To do: Repeat exactly the lines from the start of the records below through the line that contains "Weighted Blanket for", including both.

** Task input follows **

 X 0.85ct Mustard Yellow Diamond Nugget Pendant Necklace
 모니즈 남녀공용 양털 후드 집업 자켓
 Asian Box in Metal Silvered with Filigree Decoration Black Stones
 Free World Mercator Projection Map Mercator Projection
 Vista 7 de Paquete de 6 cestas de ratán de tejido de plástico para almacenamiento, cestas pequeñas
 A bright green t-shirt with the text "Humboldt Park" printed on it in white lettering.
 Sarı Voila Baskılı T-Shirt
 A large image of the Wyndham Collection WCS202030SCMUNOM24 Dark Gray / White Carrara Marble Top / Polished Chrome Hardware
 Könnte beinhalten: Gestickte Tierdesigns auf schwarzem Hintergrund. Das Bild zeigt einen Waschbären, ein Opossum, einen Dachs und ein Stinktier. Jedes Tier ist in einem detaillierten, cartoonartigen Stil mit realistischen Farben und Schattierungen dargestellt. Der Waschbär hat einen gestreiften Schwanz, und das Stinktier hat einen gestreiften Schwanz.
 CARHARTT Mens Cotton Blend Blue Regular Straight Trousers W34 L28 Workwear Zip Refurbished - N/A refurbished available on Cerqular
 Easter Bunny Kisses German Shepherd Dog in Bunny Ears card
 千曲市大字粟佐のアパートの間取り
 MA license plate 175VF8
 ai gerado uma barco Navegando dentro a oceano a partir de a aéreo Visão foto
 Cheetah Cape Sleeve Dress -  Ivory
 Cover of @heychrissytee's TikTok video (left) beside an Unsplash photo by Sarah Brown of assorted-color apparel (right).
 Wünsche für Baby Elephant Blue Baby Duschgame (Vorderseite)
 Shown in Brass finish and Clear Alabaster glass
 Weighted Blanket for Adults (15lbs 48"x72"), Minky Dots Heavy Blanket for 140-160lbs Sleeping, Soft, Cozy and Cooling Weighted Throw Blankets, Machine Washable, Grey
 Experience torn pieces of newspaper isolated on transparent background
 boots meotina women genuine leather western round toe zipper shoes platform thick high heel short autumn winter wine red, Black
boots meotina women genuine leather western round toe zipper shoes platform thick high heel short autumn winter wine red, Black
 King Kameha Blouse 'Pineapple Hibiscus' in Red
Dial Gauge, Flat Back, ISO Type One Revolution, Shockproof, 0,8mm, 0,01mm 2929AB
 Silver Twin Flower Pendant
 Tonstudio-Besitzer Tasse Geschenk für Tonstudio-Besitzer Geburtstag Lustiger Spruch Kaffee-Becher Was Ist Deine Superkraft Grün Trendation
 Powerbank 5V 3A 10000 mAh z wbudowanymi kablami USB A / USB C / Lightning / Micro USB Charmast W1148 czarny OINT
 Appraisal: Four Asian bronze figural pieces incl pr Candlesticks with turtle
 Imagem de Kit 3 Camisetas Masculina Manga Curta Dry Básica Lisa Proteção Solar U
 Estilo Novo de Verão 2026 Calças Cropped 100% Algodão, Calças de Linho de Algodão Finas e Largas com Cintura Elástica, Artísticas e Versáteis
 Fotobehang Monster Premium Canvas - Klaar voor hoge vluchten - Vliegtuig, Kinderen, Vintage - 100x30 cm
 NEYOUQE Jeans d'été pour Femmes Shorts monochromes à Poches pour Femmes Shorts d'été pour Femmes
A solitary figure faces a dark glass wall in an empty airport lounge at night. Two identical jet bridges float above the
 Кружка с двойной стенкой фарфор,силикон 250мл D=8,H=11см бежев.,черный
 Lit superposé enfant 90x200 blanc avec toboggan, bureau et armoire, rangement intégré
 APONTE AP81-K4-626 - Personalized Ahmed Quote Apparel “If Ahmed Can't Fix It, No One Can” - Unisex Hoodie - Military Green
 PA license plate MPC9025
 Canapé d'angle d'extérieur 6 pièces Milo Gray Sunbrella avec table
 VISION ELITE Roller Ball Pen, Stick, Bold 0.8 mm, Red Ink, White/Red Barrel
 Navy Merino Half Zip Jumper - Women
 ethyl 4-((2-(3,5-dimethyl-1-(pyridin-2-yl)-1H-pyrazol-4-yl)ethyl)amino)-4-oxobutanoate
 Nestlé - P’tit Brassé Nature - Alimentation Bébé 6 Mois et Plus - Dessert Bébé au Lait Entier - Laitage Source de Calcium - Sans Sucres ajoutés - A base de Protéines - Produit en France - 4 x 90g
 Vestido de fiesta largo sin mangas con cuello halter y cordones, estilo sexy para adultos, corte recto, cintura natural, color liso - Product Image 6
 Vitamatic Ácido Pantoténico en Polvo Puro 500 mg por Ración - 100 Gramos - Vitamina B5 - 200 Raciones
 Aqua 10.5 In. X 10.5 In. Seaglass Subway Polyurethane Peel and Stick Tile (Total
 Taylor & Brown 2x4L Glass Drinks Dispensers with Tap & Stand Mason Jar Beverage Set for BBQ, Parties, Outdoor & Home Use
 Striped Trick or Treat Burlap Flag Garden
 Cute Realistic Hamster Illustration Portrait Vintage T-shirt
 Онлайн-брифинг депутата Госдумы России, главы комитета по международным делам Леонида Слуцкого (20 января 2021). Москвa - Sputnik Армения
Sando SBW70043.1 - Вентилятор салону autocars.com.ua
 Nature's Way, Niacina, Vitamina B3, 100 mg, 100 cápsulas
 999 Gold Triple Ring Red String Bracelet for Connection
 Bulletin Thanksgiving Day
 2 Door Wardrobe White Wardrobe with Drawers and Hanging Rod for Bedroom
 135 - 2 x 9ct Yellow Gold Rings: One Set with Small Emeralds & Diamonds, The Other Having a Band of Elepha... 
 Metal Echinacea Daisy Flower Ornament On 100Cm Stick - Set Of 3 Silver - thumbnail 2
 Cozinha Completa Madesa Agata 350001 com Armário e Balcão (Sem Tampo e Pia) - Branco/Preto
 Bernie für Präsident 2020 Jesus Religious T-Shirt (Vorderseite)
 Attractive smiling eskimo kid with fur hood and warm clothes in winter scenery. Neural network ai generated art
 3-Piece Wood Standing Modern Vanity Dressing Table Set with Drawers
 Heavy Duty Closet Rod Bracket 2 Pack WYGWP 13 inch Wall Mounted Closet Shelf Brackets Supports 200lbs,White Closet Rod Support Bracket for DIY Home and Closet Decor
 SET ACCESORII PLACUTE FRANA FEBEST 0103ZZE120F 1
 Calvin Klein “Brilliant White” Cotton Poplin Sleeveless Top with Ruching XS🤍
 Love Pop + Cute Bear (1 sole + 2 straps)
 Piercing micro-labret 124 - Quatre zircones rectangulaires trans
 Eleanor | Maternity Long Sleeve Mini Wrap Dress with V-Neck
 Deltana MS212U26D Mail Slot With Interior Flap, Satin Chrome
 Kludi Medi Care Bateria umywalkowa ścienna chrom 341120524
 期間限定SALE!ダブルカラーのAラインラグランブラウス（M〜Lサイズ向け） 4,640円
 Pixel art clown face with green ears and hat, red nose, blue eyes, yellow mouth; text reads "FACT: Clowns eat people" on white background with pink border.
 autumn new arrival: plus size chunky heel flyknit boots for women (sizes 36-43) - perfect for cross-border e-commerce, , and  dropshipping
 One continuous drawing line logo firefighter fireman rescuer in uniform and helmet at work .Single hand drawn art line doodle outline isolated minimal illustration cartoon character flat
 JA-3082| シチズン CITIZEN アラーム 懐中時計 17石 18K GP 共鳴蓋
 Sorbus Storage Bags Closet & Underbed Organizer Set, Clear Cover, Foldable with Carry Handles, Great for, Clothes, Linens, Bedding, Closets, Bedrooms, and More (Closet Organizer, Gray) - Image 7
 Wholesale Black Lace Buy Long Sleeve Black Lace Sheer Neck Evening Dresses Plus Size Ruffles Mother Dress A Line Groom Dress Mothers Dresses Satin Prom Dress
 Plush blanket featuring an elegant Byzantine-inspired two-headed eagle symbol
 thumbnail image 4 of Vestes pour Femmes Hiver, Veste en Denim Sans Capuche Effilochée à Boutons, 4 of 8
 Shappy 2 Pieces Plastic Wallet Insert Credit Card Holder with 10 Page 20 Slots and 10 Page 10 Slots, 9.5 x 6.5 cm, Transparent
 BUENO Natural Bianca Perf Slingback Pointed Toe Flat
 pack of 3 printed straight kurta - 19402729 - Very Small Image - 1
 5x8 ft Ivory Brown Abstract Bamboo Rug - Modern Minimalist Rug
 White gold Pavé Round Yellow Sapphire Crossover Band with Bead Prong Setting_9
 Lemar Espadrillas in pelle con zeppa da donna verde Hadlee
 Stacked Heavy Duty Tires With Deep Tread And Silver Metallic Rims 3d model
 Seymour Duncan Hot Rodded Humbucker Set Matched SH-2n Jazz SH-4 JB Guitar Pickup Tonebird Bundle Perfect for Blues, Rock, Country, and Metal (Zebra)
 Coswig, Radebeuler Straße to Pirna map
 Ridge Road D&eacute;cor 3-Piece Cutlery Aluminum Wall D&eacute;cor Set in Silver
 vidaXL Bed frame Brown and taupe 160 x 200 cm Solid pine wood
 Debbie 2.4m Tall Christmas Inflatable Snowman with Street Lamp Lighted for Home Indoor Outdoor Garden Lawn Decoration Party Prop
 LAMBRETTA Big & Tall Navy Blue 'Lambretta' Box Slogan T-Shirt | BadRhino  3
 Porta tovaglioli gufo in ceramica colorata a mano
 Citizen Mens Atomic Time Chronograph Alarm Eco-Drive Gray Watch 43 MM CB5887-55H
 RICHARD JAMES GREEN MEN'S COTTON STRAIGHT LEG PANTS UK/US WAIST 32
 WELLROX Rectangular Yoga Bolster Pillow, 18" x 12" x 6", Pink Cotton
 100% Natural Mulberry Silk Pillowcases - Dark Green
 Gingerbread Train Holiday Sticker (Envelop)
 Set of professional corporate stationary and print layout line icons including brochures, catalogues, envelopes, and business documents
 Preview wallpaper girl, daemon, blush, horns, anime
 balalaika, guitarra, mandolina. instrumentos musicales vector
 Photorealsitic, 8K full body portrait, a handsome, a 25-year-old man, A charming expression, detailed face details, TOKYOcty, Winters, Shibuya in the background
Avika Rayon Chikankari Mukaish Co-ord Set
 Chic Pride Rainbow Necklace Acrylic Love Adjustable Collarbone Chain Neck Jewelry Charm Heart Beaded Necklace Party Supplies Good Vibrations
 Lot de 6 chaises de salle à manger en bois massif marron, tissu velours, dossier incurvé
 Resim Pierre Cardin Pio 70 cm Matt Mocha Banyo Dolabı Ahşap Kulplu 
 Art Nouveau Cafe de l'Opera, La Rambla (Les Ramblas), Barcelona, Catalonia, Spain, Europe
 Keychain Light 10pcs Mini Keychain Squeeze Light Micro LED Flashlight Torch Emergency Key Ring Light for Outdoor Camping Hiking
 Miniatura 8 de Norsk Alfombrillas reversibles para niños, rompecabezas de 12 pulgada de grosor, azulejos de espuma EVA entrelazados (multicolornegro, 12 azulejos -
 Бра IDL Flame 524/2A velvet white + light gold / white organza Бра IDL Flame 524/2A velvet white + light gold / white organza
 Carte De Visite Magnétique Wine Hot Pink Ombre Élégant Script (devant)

** End of Task input **

Output:
 X 0.85ct Mustard Yellow Diamond Nugget Pendant Necklace
 모니즈 남녀공용 양털 후드 집업 자켓
 Asian Box in Metal Silvered with Filigree Decoration Black Stones
 Free World Mercator Projection Map Mercator Projection
 Vista 7 de Paquete de 6 cestas de ratán de tejido de plástico para almacenamiento, cestas pequeñas
 A bright green t-shirt with the text "Humboldt Park" printed on it in white lettering.
 Sarı Voila Baskılı T-Shirt
 A large image of the Wyndham Collection WCS202030SCMUNOM24 Dark Gray / White Carrara Marble Top / Polished Chrome Hardware
 Könnte beinhalten: Gestickte Tierdesigns auf schwarzem Hintergrund. Das Bild zeigt einen Waschbären, ein Opossum, einen Dachs und ein Stinktier. Jedes Tier ist in einem detaillierten, cartoonartigen Stil mit realistischen Farben und Schattierungen dargestellt. Der Waschbär hat einen gestreiften Schwanz, und das Stinktier hat einen gestreiften Schwanz.
 CARHARTT Mens Cotton Blend Blue Regular Straight Trousers W34 L28 Workwear Zip Refurbished - N/A refurbished available on Cerqular
 Easter Bunny Kisses German Shepherd Dog in Bunny Ears card
 千曲市大字粟佐のアパートの間取り
 MA license plate 175VF8
 ai gerado uma barco Navegando dentro a oceano a partir de a aéreo Visão foto
 Cheetah Cape Sleeve Dress -  Ivory
 Cover of @heychrissytee's TikTok video (left) beside an Unsplash photo by Sarah Brown of assorted-color apparel (right).
 Wünsche für Baby Elephant Blue Baby Duschgame (Vorderseite)
 Shown in Brass finish and Clear Alabaster glass
 Weighted Blanket for Adults (15lbs 48"x72"), Minky Dots Heavy Blanket for 140-160lbs Sleeping, Soft, Cozy and Cooling Weighted Throw Blankets, Machine Washable, Grey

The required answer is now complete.